Pictures stay out of the copy. Repeat exactly the lines from the first entry below through the line that contains "Bedroom - 15512", and nothing beyond.

Content starts

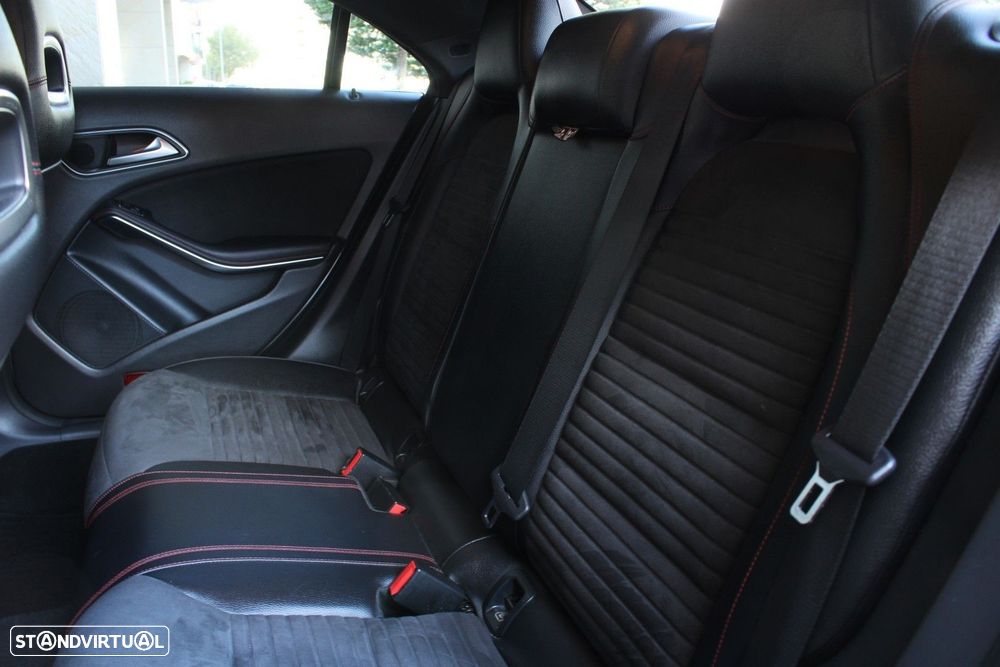 Mercedes-Benz CLA 180 d AMG Line - 36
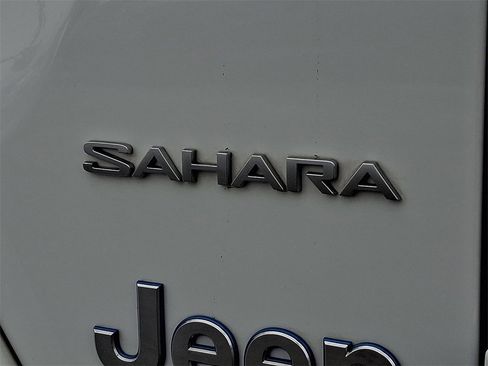 Used 2022 Jeep Wrangler Unlimited Sahara image 33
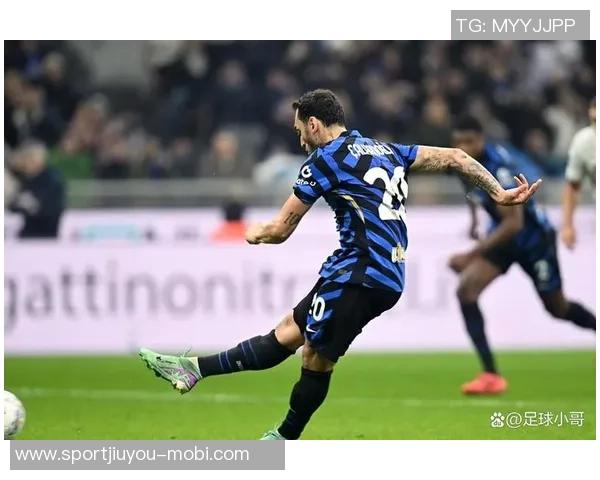 国米官方宣布恰尔汗奥卢左小腿肌肉拉伤将进行伤情评估 国米官方宣布恰尔汗奥卢左小腿肌肉拉伤将进行伤情评估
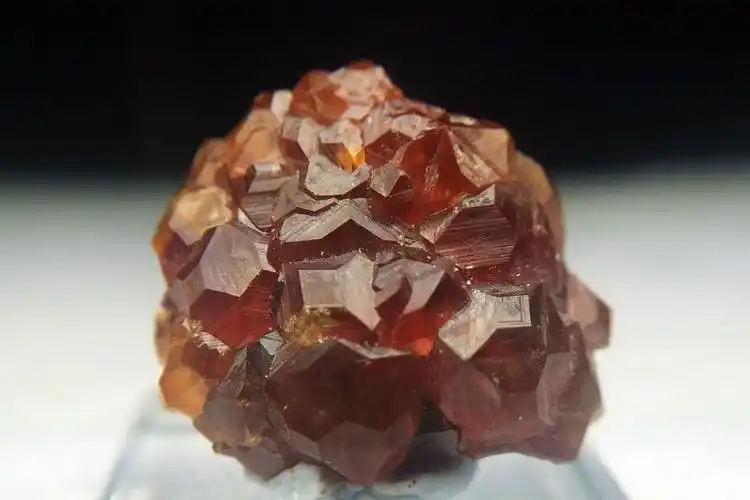 宝石矿石图片欣赏,原来这些宝石的本来样子是这样的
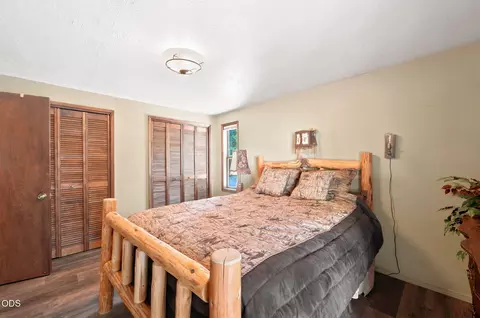 Bedroom - 15512 6th St, La Pine, OR 97739 photo 2 of 8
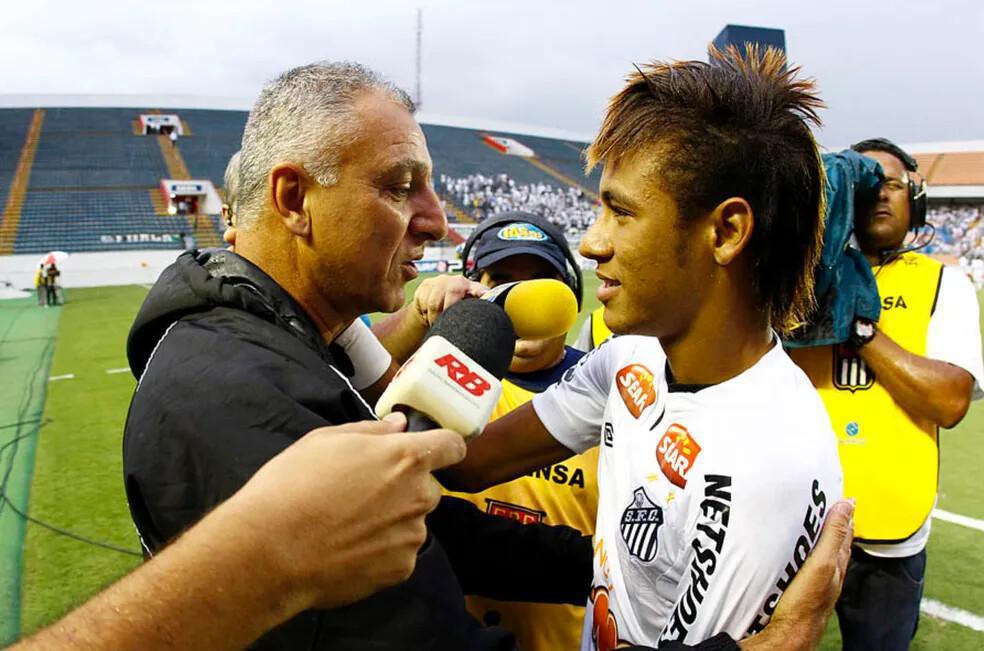 Neymar reencontra técnico que o levou ao profissional em confronto entre Inter e Santos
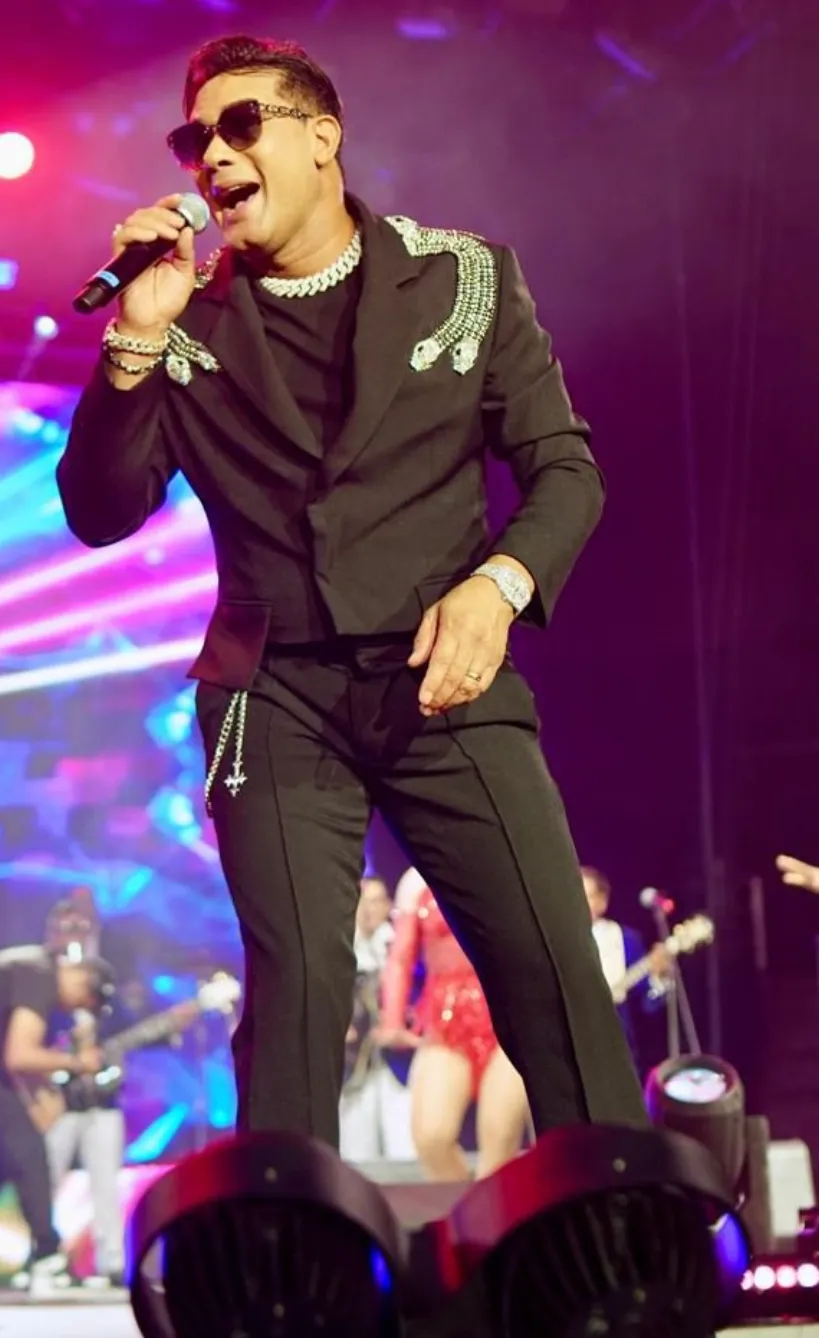 Raulín Rodríguez se crece en dos noches de bachata en la Arena del Cibao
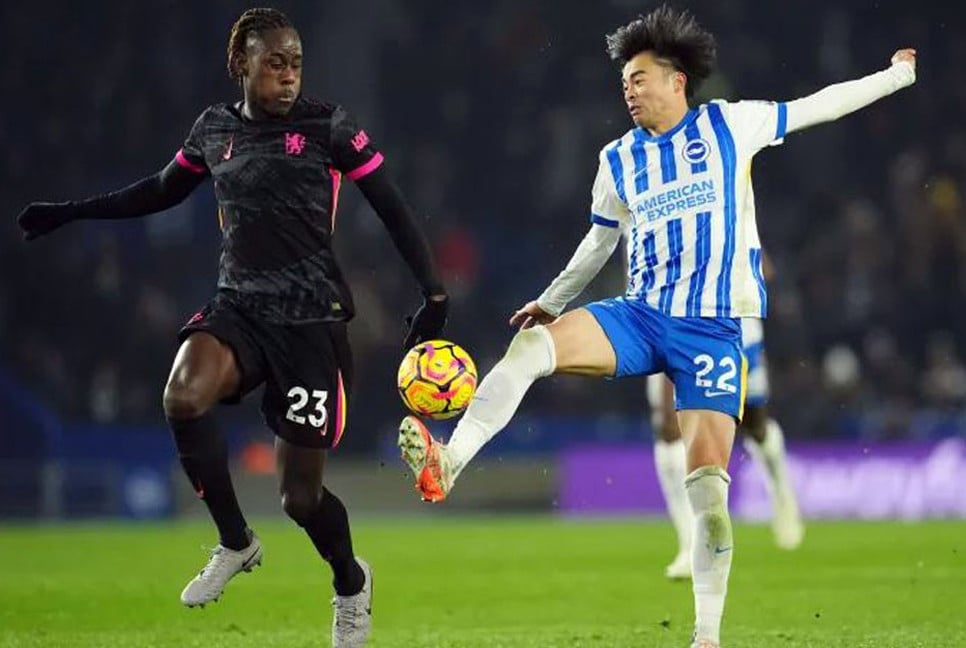 Mitoma gem inspires Brighton defeat of woeful Chelsea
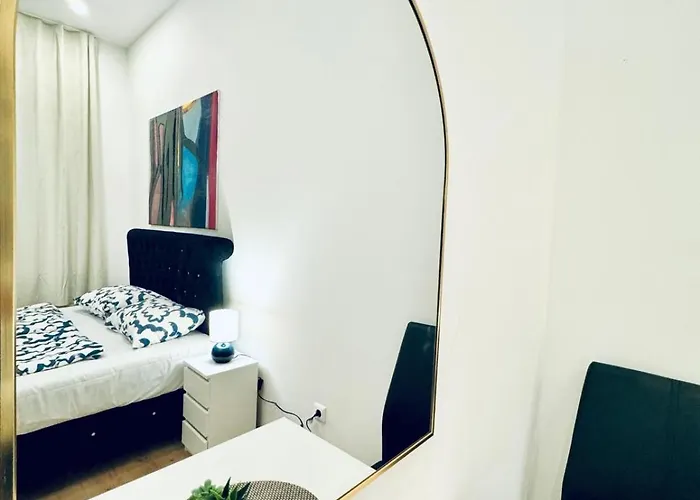 Elegant 5-bedroom Near Kaufpark Alterlaa * Vienna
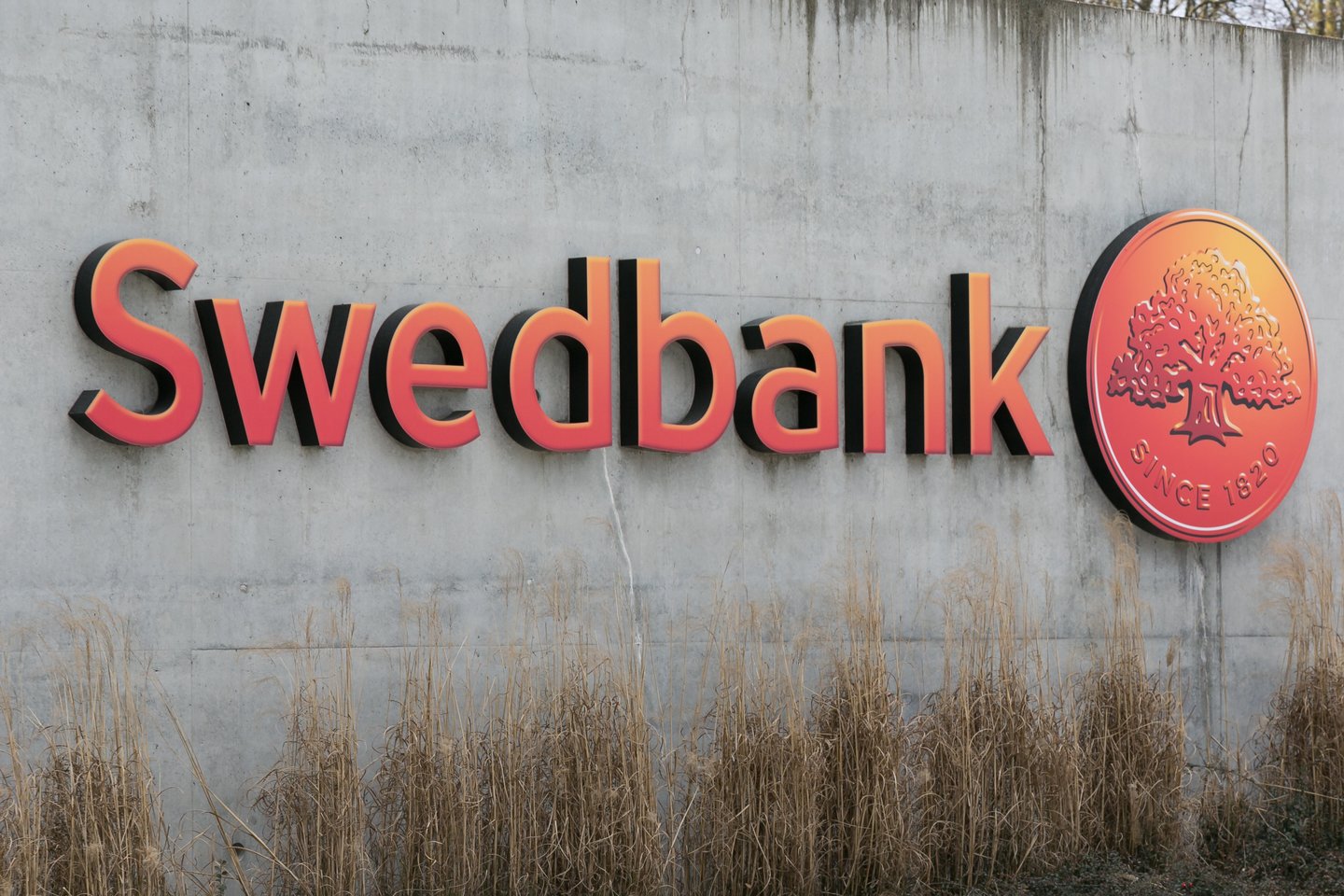 Naktį iš trečiadienio į ketvirtadienį „Swedbank“ planuoja vykdyti reguliarų IT sistemų atnaujinimą.<br>T.Bauro nuotr.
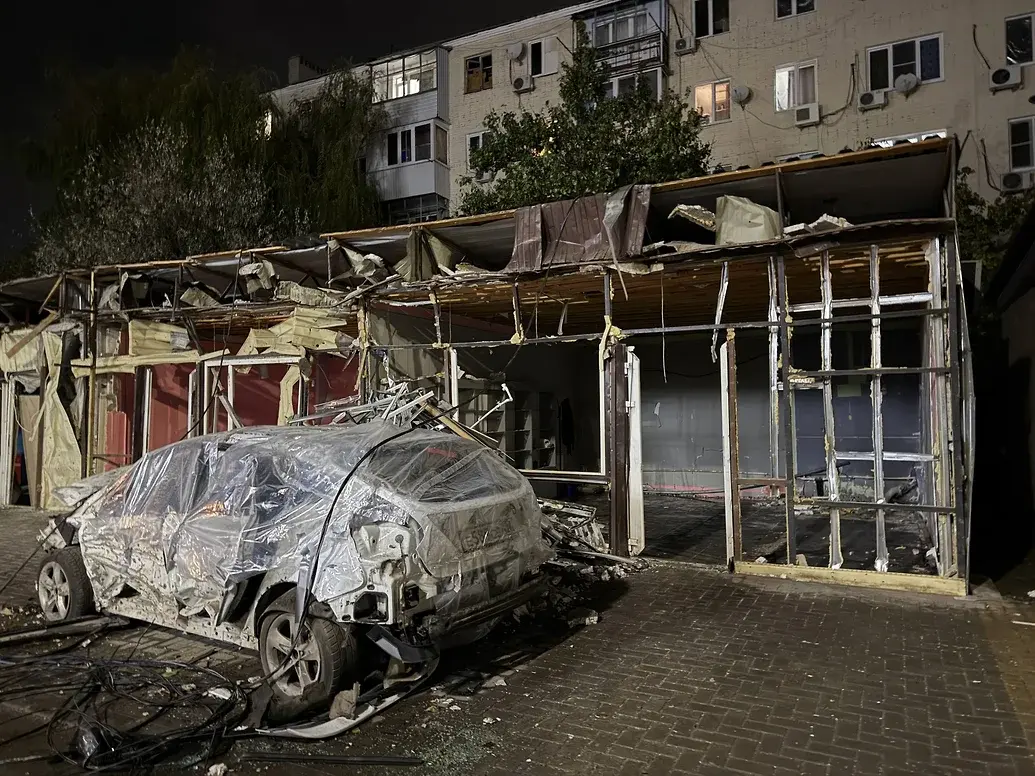 Машина и здание, поврежденные в Батайске. Октябрь 2025 г. Фото: Telegram-канал главы города Батайска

Content ends

### Solution for this exercise
 Mercedes-Benz CLA 180 d AMG Line - 36
 Used 2022 Jeep Wrangler Unlimited Sahara image 33
 国米官方宣布恰尔汗奥卢左小腿肌肉拉伤将进行伤情评估 国米官方宣布恰尔汗奥卢左小腿肌肉拉伤将进行伤情评估
 宝石矿石图片欣赏,原来这些宝石的本来样子是这样的
 Bedroom - 15512 6th St, La Pine, OR 97739 photo 2 of 8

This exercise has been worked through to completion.